Hemos comido en el puerto, las tres. Último encuentro antes de vacaciones, aunque el ambiente ya es de descanso.
En la mesa más cercana, un grupo de piel dolorosamente roja, se ríen mientras intentan descifrar un plato de la carta. El viento hace volar su plano de la ciudad; más risas y más gritos.
Las gafas, las de ellos y las nuestras, entonan una melodía visual de únicamente dos notas: cabellos y mirada, siguiendo de forma rítmica el compás marcado por las luces y sombras.

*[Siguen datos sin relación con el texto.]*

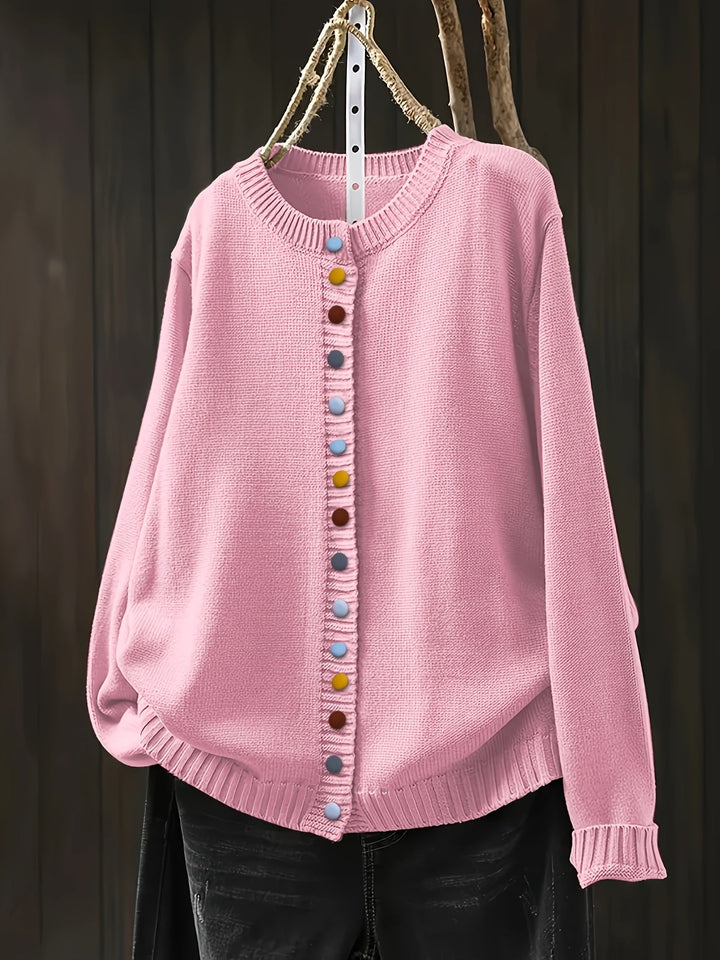 Ezra | Stilvoller Lässiger Cardigan für Damen mit Rundhalsausschnitt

Vemos pasar a un grupo de jóvenes negros. Andan, miran hacia atrás y hacia los lados. Escapan de alguien. En sus manos, en las de cada uno, una gran tela, un hatillo. En sus ropas aún el reflejo de su casa, tierra lejana.
A unos metros tres hombres de uniforme azul y chaleco amarillo. Uno en moto y dos a pie. Trabajando.
El del hatillo a flores se gira para mirarlos. Sigue andando, tuerce un pie y cae. Gesto de dolor.
El de la camiseta roja se acerca, le da los paquetes a un tercero y hace de muleta al herido.
Le dice en voz baja: "Iremos a ver al Padre Michael, él sabrá como curarlo".
Que gran don tener a quien dirigirse, cuando se está herido.
Nosotros comiendo. Los de uniforme ganándose el alimento. Los del hatillo sobreviviendo
Mundos tan cerca en el espacio y tan lejanos en los riesgos.